A busca de uma política única dirigida a todas as deficiências (todos são deficientemente iguais) pode ser a razão mais aparente para que o aluno surdo seja concebido sob o viés da deficiência mental; entretanto, é possível que tal concepção possa ter raízes em outro lugar. Uma vez que a língua é tomada como meio de expressão e comunicação, no ensino normal as falhas na comunicação são atribuídas à falta de transparência da linguagem, que falhou em espelhar com perfeição o pensamento; no caso da língua de sinais, quando essas falhas aparecem, é o pensamento do surdo que é posto sob suspeita, é aí que está a deficiência.

Todavia, os PCNs são claros. As adaptações não podem reter o aluno, pelo contrário, devem possibilitar-lhe a conclusão do curso:

"Embora muitos educadores possam interpretar essas medidas como 'abrir mão' da qualidade de ensino ou empobrecer as expectativas educacionais, essas decisões curriculares podem ser as únicas alternativas possíveis para os alunos que apresentam necessidades especiais como forma de evitar sua exclusão" (MEC, 1999, p.38).

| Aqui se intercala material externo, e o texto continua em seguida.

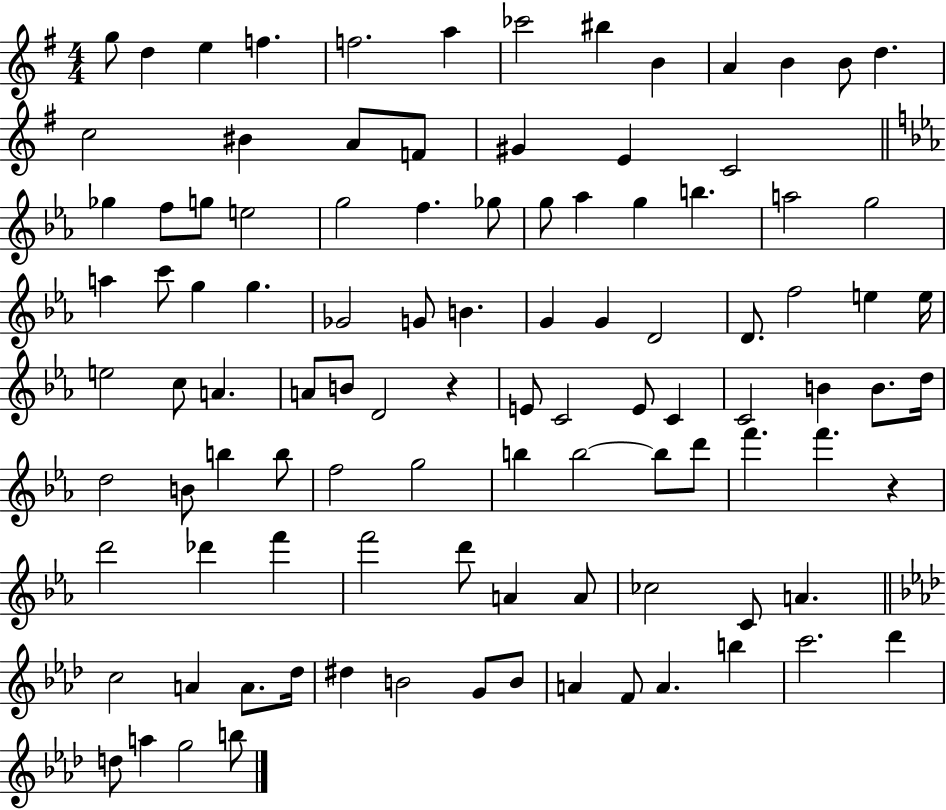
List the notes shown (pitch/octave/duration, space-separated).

G5/e D5/q E5/q F5/q. F5/h. A5/q CES6/h BIS5/q B4/q A4/q B4/q B4/e D5/q. C5/h BIS4/q A4/e F4/e G#4/q E4/q C4/h Gb5/q F5/e G5/e E5/h G5/h F5/q. Gb5/e G5/e Ab5/q G5/q B5/q. A5/h G5/h A5/q C6/e G5/q G5/q. Gb4/h G4/e B4/q. G4/q G4/q D4/h D4/e. F5/h E5/q E5/s E5/h C5/e A4/q. A4/e B4/e D4/h R/q E4/e C4/h E4/e C4/q C4/h B4/q B4/e. D5/s D5/h B4/e B5/q B5/e F5/h G5/h B5/q B5/h B5/e D6/e F6/q. F6/q. R/q D6/h Db6/q F6/q F6/h D6/e A4/q A4/e CES5/h C4/e A4/q. C5/h A4/q A4/e. Db5/s D#5/q B4/h G4/e B4/e A4/q F4/e A4/q. B5/q C6/h. Db6/q D5/e A5/q G5/h B5/e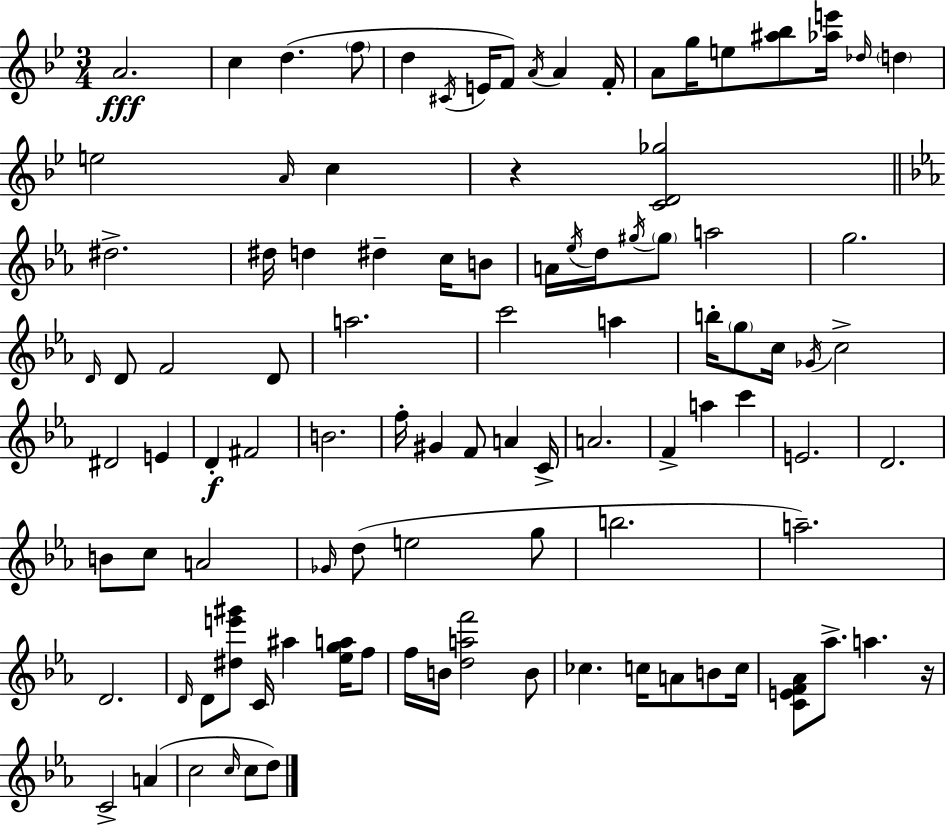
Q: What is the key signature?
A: G minor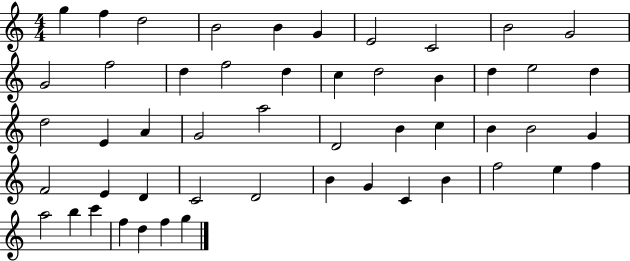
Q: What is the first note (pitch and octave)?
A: G5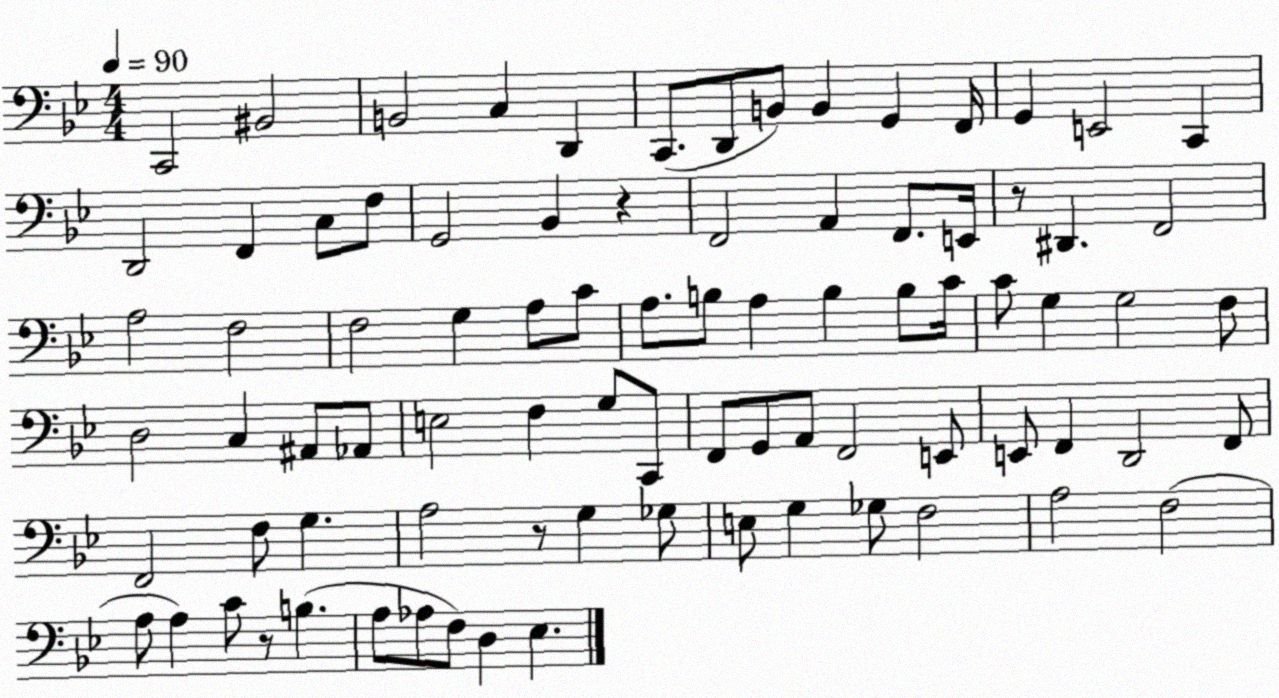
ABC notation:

X:1
T:Untitled
M:4/4
L:1/4
K:Bb
C,,2 ^B,,2 B,,2 C, D,, C,,/2 D,,/2 B,,/2 B,, G,, F,,/4 G,, E,,2 C,, D,,2 F,, C,/2 F,/2 G,,2 _B,, z F,,2 A,, F,,/2 E,,/4 z/2 ^D,, F,,2 A,2 F,2 F,2 G, A,/2 C/2 A,/2 B,/2 A, B, B,/2 C/4 C/2 G, G,2 F,/2 D,2 C, ^A,,/2 _A,,/2 E,2 F, G,/2 C,,/2 F,,/2 G,,/2 A,,/2 F,,2 E,,/2 E,,/2 F,, D,,2 F,,/2 F,,2 F,/2 G, A,2 z/2 G, _G,/2 E,/2 G, _G,/2 F,2 A,2 F,2 A,/2 A, C/2 z/2 B, A,/2 _A,/2 F,/2 D, _E,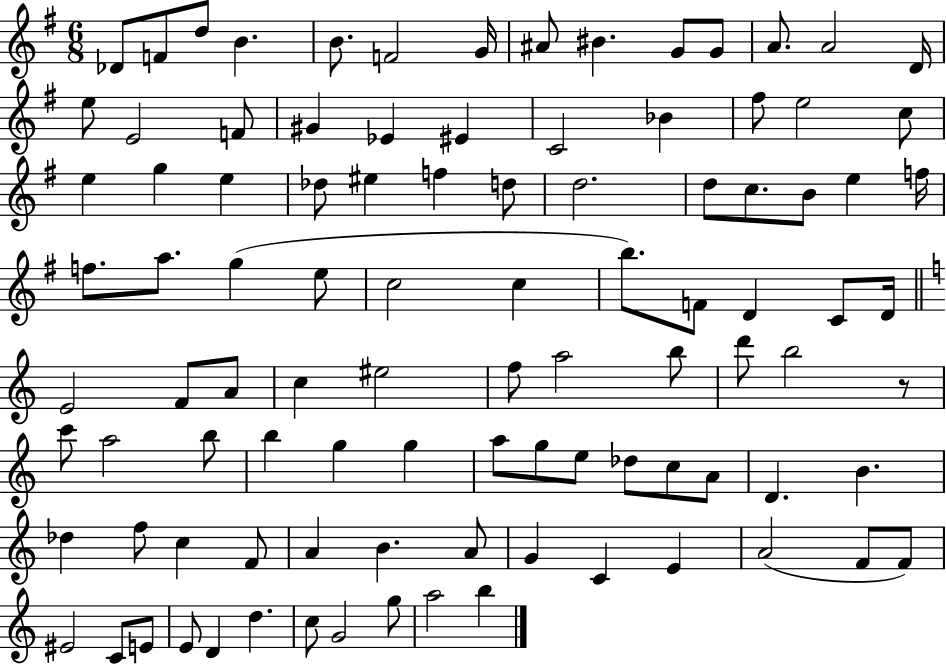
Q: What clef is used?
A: treble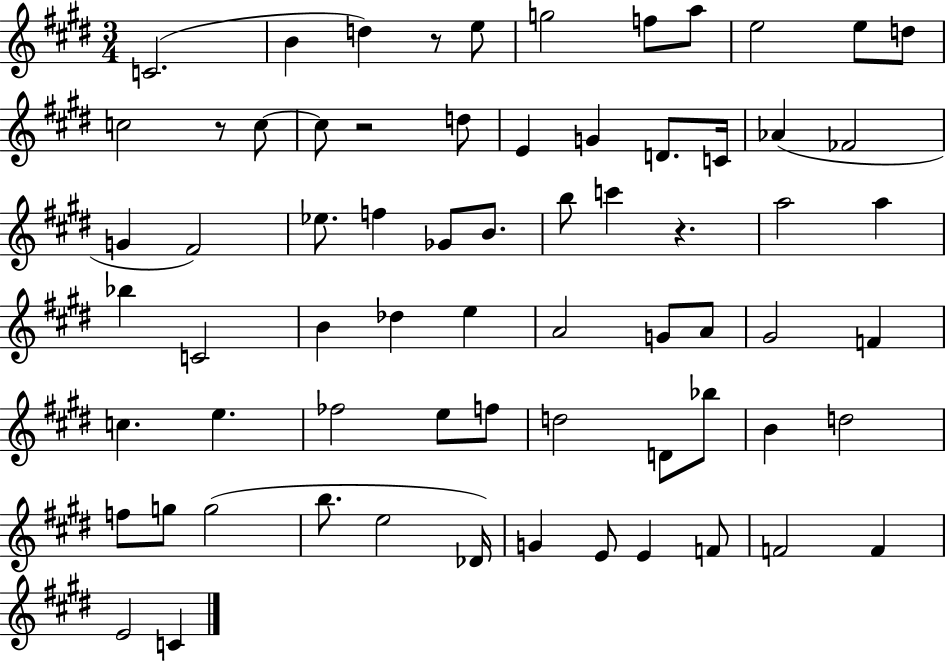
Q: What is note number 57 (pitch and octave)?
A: G4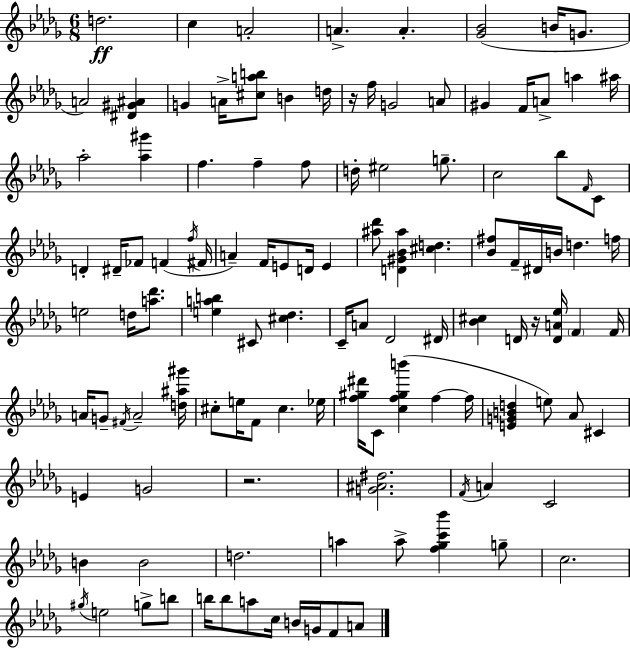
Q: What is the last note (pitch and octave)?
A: A4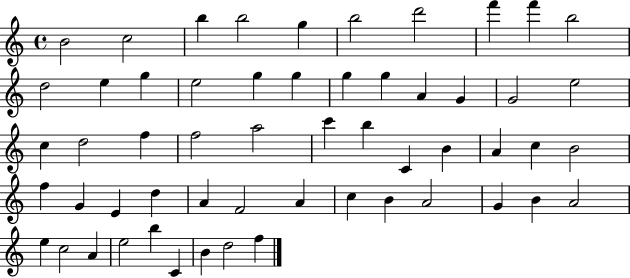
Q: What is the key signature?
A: C major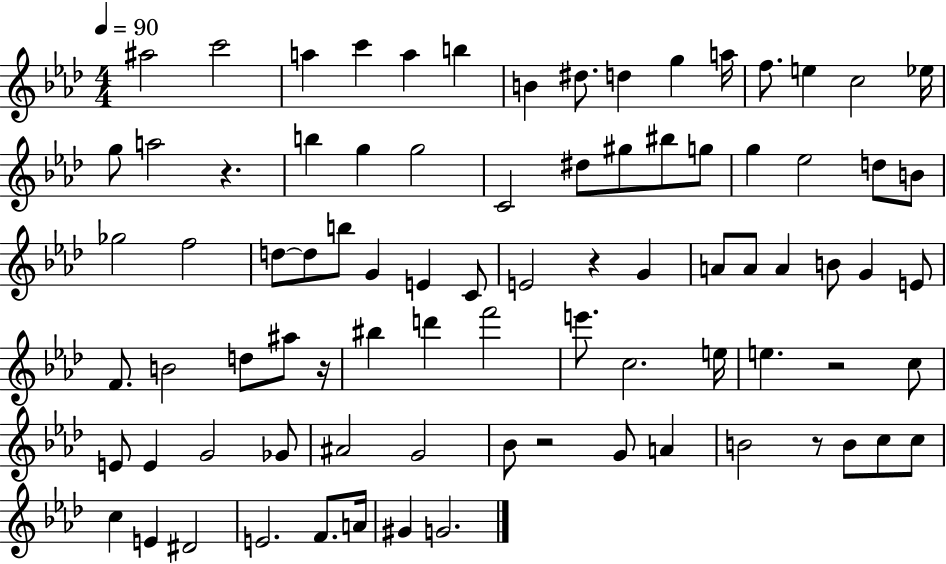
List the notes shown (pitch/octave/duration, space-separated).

A#5/h C6/h A5/q C6/q A5/q B5/q B4/q D#5/e. D5/q G5/q A5/s F5/e. E5/q C5/h Eb5/s G5/e A5/h R/q. B5/q G5/q G5/h C4/h D#5/e G#5/e BIS5/e G5/e G5/q Eb5/h D5/e B4/e Gb5/h F5/h D5/e D5/e B5/e G4/q E4/q C4/e E4/h R/q G4/q A4/e A4/e A4/q B4/e G4/q E4/e F4/e. B4/h D5/e A#5/e R/s BIS5/q D6/q F6/h E6/e. C5/h. E5/s E5/q. R/h C5/e E4/e E4/q G4/h Gb4/e A#4/h G4/h Bb4/e R/h G4/e A4/q B4/h R/e B4/e C5/e C5/e C5/q E4/q D#4/h E4/h. F4/e. A4/s G#4/q G4/h.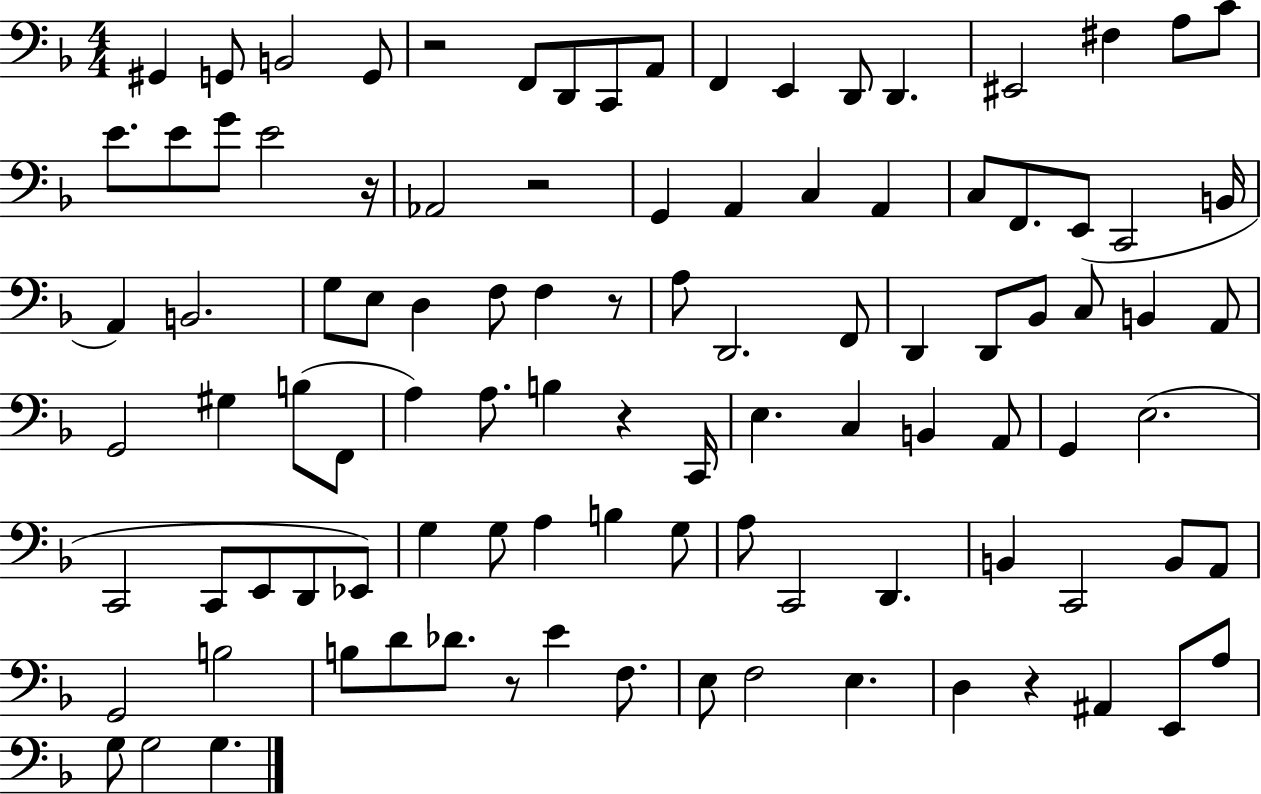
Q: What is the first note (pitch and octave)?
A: G#2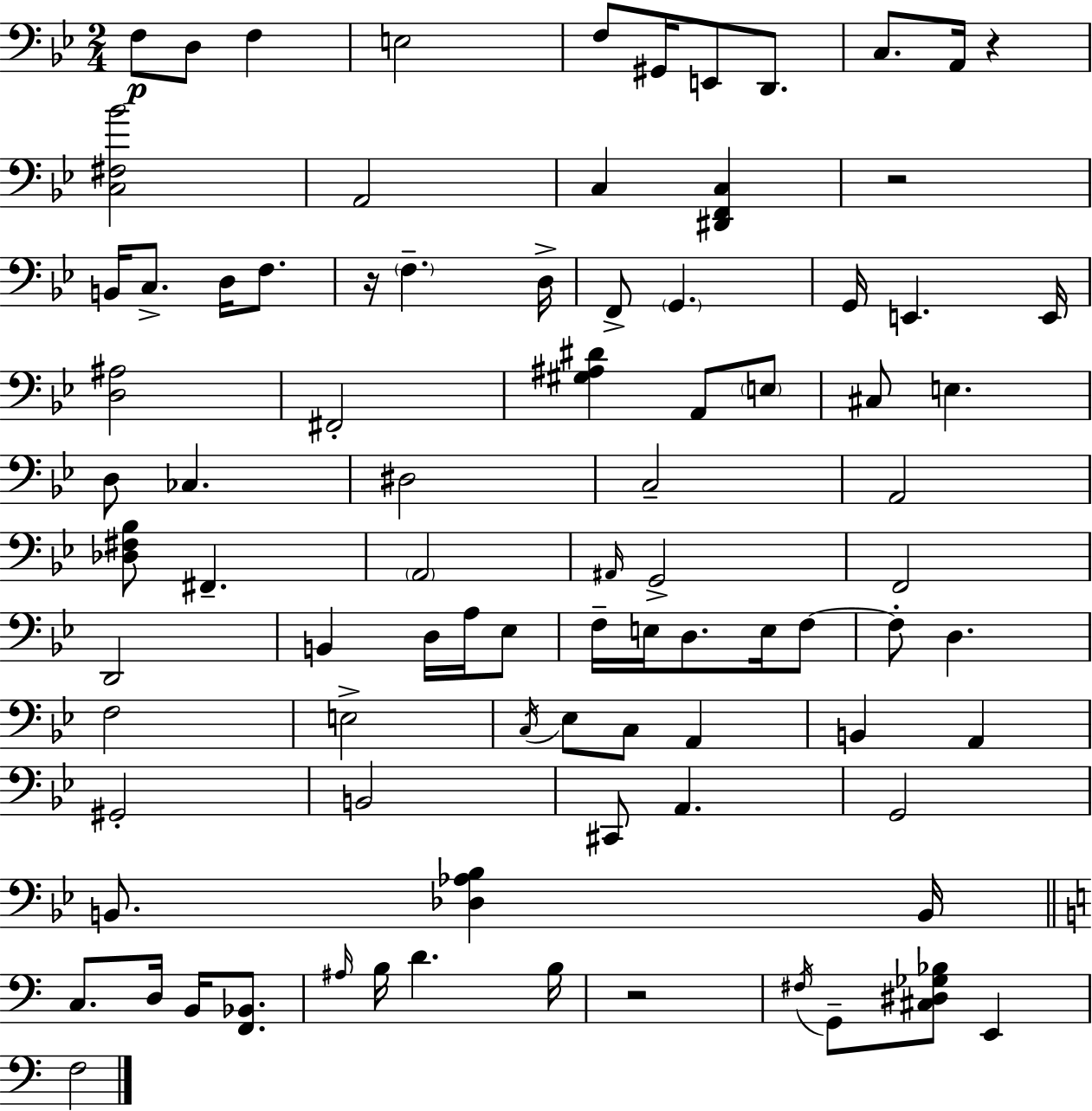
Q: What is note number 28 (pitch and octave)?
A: E3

Sabemos que a urgência em aprovar o maior número possível de alunos, conferindo-lhes diplomas de conclusão de Ensino Fundamental, obedece a determinações de ordem política que, nas atuais circunstâncias, dispensam comentários; mas é preciso destacar que o rótulo "alunos com necessidades especiais" refere-se não só aos alunos que deverão ser incluídos, mas também àqueles que poderiam vir a ser excluídos e que, portanto, no momento estão incluídos nela. Por outro lado, a possibilidade de "empobrecimento das expectativas educacionais" passa a ser responsabilidade desses mesmos alunos especiais (é por causa deles que se abre mão da qualidade), garantindo a imunidade dessa escola diplomática. Às necessidades dos alunos especiais (e aqui se incluem aqueles cuja adversidade não é inerente, mas histórica e socialmente determinada), essa escola responde com a exclusão dos objetivos "básicos", entre eles, como se pode constatar pela mídia, a alfabetização 1

No caso específico da surdez, os professores e as escolas são desafiados a se valerem de estratégias que possam minimizar a distância entre a normalidade ouvinte e a anormalidade surda, sem que isso implique nenhuma ruptura, por exemplo, com o oralismo. Algumas delas: o encaminhamento do aluno para a protetização; o uso de tablados, em sala, para facilitar a propagação dos sons; a disponibilização de "salas-ambiente", na escola, para treinamento auditivo e da fala; o uso de material visual de apoio; o posicionamento do aluno de modo que possa ler os lábios do professor (e aí é o professor que deve se comportar como um deficiente físico, evitando movimentar-se); e o emprego de "sistema alternativo de comunicação adaptado às possibilidades do aluno: leitura orofacial, gestos e língua de sinais" (MEC, 1999, p.46).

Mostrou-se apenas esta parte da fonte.